2023年10月13日~10月16日の福島訪問に参加した2名の大学生のレポートです。
訪問を通して知ったことや考えたこと、感じたことについて報告していただきました。

*大学生より提出していただいた報告書を修正等はせずにそのまま掲載しています。
*訪問中の写真は<こちら>で公開しています。

田中 静瑠(大学4年生)

 私は2021年、2022年と合わせて4回目の福島訪問でした。今回訪れた場所の中には今まで訪問したことのある場所もいくつかありましたが、行くたびに気づきや新しく知ることがあります。

   年々避難指示が解除され、新しく住宅や施設が建設されていく反面、そのすぐ隣で高い線量が計測されることも珍しくありません。そんな福島の現状を私の感じたことを通してお伝えします。

◇ あじさいの会

 あじさいの会は、小児甲状腺がん患者と家族、支援者による支援グループです。甲状腺がん患者が少しでもより良い治療を受け、より良い生活を送れるよう、お互いに情報共有しながら、支え合っています。(あじさいの会ホームページより一部引用)

 13日にあじさいの会の事務局長である千葉さんと、小児甲状腺がん患者のご家族の方のお話を伺いました。

● 311子ども甲状腺がん裁判

 あじさいの会では、小児甲状腺がん患者の方が原告となっている裁判を支援しています。この裁判では、原告の方たちは「なぜ私が甲状腺がんになったのか知りたい」という思いで戦っていらっしゃいます。口頭弁論は7回が終わり、原告の7名全員が意見陳述を行ったそうです。この裁判に参加したことで、原告の方同士や、応援してくれている人、弁護士の方との交流が増え、孤独感が軽くなったり、勇気づけられたという変化があったそうです。この思いを聞いて、甲状腺がんというのは、事故後ずっとこの不安感や孤独感を与え続けているものだと感じました。裁判の原告の方だけでなく、甲状腺がん患者の方の中には「差別を受けるのではないか」、「過剰診断と言われるのではないか」という思いや、治療による日常生活への影響などから孤独感を抱えたり周りの健康な同世代と同じように過ごせなかったりする方もいらっしゃるそうです。あじさいの会では、相談会や共に活動する機会を設けることでこのように孤立している患者家族をつなげる活動もしていらっしゃいます。

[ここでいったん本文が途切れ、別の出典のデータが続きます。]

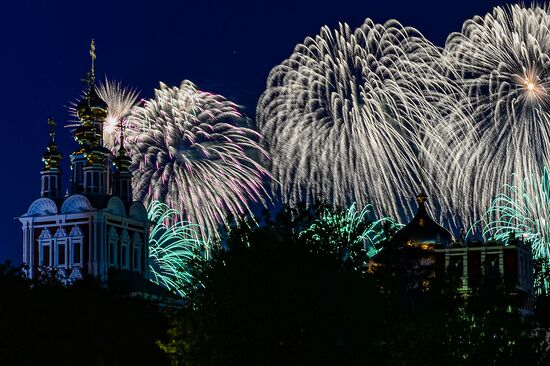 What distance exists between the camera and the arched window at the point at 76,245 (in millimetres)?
106688

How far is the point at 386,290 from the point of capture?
68.2m

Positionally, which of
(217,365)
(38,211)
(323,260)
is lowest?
(217,365)

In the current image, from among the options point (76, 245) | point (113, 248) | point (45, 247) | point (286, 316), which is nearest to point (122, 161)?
point (113, 248)

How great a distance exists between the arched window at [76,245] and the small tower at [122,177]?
615 cm

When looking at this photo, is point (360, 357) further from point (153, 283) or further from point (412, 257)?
point (153, 283)

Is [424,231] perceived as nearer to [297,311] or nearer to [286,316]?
[286,316]

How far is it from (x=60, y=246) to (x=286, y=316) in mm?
50958

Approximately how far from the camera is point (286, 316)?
58.8m

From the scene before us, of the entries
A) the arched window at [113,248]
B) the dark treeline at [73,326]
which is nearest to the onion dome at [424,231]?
the arched window at [113,248]

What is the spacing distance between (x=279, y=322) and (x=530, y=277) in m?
48.1

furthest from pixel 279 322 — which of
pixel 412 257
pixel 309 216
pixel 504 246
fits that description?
pixel 504 246

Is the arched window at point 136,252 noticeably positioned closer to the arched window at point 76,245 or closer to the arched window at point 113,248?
the arched window at point 113,248

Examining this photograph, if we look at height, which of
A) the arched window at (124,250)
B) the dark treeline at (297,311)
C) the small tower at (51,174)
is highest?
the small tower at (51,174)

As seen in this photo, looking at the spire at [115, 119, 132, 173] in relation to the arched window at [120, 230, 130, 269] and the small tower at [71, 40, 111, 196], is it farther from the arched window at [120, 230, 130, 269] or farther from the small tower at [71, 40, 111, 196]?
the arched window at [120, 230, 130, 269] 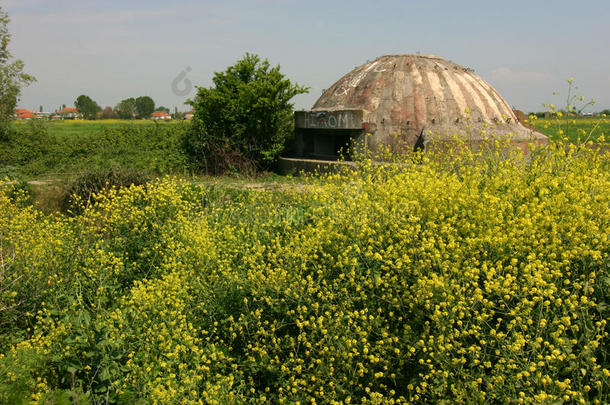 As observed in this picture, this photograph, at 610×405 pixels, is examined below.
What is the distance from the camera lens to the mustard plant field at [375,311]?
348cm

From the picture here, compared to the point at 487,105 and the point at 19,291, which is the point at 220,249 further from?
the point at 487,105

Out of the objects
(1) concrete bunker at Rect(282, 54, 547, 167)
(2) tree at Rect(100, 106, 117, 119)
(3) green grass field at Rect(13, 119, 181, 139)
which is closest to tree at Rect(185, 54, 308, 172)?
(1) concrete bunker at Rect(282, 54, 547, 167)

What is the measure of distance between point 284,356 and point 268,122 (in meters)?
14.7

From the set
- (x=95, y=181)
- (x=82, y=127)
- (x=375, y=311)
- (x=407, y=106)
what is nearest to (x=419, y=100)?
(x=407, y=106)

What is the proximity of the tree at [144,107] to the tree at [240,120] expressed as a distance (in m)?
80.2

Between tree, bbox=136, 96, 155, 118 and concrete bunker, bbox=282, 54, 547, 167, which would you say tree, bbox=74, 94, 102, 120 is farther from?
concrete bunker, bbox=282, 54, 547, 167

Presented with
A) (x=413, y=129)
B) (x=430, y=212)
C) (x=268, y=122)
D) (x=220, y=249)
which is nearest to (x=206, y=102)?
(x=268, y=122)

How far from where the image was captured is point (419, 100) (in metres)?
15.5

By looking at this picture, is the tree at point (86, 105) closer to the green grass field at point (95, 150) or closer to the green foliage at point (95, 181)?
the green grass field at point (95, 150)

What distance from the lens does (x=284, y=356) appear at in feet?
14.9

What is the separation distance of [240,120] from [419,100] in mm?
7226

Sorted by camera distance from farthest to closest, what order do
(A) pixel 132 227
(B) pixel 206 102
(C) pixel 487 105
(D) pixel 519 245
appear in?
(B) pixel 206 102, (C) pixel 487 105, (A) pixel 132 227, (D) pixel 519 245

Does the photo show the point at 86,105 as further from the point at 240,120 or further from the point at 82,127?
the point at 240,120

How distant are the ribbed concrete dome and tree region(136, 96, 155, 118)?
84.3 meters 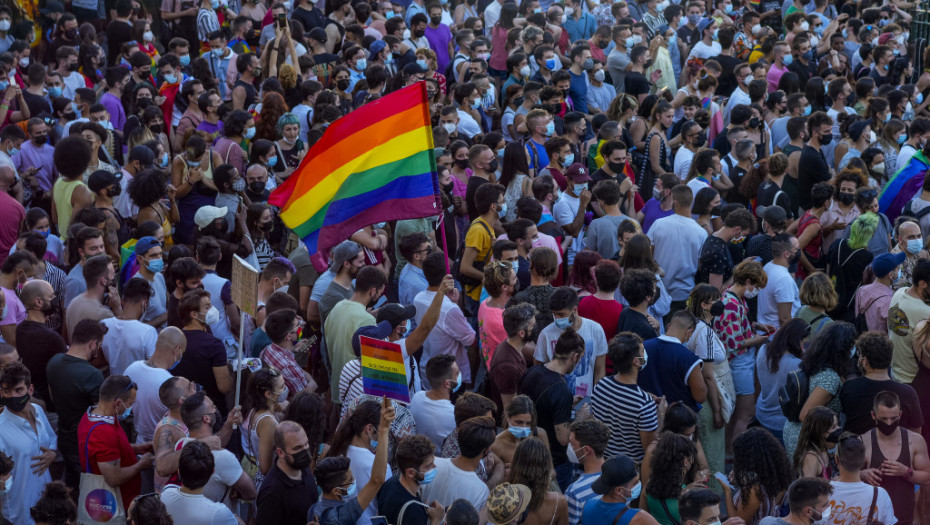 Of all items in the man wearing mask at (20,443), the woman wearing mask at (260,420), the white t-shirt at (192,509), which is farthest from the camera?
the man wearing mask at (20,443)

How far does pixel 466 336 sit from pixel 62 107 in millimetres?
6064

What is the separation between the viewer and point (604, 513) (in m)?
5.84

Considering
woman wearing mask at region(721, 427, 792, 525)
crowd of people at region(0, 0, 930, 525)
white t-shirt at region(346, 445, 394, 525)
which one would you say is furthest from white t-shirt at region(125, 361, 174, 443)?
woman wearing mask at region(721, 427, 792, 525)

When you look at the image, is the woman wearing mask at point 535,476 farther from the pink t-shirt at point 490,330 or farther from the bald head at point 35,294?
the bald head at point 35,294

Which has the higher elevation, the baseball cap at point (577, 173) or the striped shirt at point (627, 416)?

あじさいの会の方とお話させていただくのは3回目でしたが、甲状腺がんというものがどれだけ生活や人生に暗い影を落とすのかということをお話のたびに深く感じます。

● 事故直後の情報不足

 事故直後の避難では、12日に原発から半径20キロ圏内に避難指示が出たそうですが、自分たちがいる場所が原発から何キロなのか分からず「とにかくもっと遠くへ」という思いだったそうです。また、避難所では避難してきた人々の線量を測っていたのですが、測っていた職員は防護服を着ている一方、避難者は着の身着のままで、その防備と無防備のギャップが大きかったと話しておられました。やはり事故直後は圧倒的な情報不足だったことが感じられるお話でした。

● 県・国・国連の対応

 事故発生から現在まで、県の検討委員会や県知事、国連のUNSCEARなどは、福島原発事故の甲状腺がんへの影響は小さいというような態度をとり続けており、メディアも研究論文の内容を「事故は小児甲状腺がんに影響していない」と意図的に解釈した記事を掲載しているとのことです。過剰診断、過剰診療の声から甲状腺検査の見直しが迫っており、あじさいの会さんは検診などを縮小しないよう要望活動を行っているそうです。

◇ おれたちの伝承館

 15日には「俺たちの伝承館」を見学しました。

 この伝承館は写真家の中筋純さんが館長となり、原発事故の教訓を伝える民間の伝承館です。データや資料が主な県の伝承館とは異なり、福島県出身の美術家の方などの絵画や彫刻などの作品が展示されています。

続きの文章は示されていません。